*** Recorded data Section Begins ***

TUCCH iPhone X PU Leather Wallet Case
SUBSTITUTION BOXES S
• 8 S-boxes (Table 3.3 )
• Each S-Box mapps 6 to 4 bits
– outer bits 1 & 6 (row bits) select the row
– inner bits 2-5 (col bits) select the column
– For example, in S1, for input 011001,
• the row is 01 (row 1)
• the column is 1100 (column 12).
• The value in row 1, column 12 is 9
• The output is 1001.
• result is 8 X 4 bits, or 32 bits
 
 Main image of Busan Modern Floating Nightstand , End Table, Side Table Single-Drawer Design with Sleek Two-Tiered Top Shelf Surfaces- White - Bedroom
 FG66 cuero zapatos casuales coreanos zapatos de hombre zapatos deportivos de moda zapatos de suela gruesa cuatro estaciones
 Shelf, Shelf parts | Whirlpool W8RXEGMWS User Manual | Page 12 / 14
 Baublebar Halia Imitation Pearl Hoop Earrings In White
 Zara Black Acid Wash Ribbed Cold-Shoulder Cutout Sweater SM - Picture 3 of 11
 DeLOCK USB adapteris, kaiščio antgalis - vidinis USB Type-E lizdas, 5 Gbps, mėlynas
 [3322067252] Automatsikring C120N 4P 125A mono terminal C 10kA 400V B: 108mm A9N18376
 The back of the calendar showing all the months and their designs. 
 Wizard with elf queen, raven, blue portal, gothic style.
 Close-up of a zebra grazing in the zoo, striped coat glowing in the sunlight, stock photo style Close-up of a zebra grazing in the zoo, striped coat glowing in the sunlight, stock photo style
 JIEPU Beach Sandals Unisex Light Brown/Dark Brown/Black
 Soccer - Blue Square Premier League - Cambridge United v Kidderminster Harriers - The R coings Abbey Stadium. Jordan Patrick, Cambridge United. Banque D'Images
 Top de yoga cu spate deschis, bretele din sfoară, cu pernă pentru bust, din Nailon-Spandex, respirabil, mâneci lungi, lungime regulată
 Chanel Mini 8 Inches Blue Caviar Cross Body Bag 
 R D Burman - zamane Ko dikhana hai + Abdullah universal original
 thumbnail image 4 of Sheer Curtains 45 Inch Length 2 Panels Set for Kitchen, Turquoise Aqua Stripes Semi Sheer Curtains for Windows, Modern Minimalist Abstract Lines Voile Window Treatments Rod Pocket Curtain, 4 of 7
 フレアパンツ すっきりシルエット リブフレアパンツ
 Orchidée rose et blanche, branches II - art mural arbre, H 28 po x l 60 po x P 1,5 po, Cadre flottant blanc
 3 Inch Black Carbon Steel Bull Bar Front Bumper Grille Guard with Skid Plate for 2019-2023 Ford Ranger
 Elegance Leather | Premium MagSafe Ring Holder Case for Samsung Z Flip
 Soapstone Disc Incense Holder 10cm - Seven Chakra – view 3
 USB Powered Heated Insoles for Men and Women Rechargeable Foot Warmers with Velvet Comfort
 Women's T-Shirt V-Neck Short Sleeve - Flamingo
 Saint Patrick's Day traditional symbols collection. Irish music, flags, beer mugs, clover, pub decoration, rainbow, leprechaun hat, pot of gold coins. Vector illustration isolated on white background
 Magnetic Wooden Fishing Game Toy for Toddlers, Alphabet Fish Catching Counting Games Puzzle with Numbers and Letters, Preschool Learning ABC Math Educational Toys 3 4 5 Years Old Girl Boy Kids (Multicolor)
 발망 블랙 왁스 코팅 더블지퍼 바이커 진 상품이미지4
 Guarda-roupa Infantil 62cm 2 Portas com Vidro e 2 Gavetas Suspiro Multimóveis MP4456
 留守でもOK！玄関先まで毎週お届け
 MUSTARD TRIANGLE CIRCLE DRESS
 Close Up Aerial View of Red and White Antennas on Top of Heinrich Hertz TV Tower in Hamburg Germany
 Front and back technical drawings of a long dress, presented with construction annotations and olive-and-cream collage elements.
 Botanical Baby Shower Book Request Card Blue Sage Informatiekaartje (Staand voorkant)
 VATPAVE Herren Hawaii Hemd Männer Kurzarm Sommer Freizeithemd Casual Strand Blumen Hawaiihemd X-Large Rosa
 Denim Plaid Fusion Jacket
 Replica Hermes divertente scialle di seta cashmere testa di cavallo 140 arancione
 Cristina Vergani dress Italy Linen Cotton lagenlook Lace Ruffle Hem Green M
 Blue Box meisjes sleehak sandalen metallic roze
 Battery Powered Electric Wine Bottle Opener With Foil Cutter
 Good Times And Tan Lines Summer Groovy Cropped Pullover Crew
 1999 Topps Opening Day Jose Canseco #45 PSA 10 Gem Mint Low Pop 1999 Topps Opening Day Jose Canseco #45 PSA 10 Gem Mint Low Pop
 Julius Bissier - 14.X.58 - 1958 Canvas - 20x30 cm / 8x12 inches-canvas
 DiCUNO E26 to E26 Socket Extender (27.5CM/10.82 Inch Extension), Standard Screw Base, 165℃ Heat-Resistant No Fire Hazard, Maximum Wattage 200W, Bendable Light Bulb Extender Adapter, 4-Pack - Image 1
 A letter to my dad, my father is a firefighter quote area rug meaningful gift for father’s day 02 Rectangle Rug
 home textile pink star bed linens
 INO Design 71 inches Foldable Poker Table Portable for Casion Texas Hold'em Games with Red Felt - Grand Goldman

*** Recorded data Section Ends ***

== Activity ==
Across the records above, how many lines hold the string "Front"? The number alone will do.

== Problem solution ==
2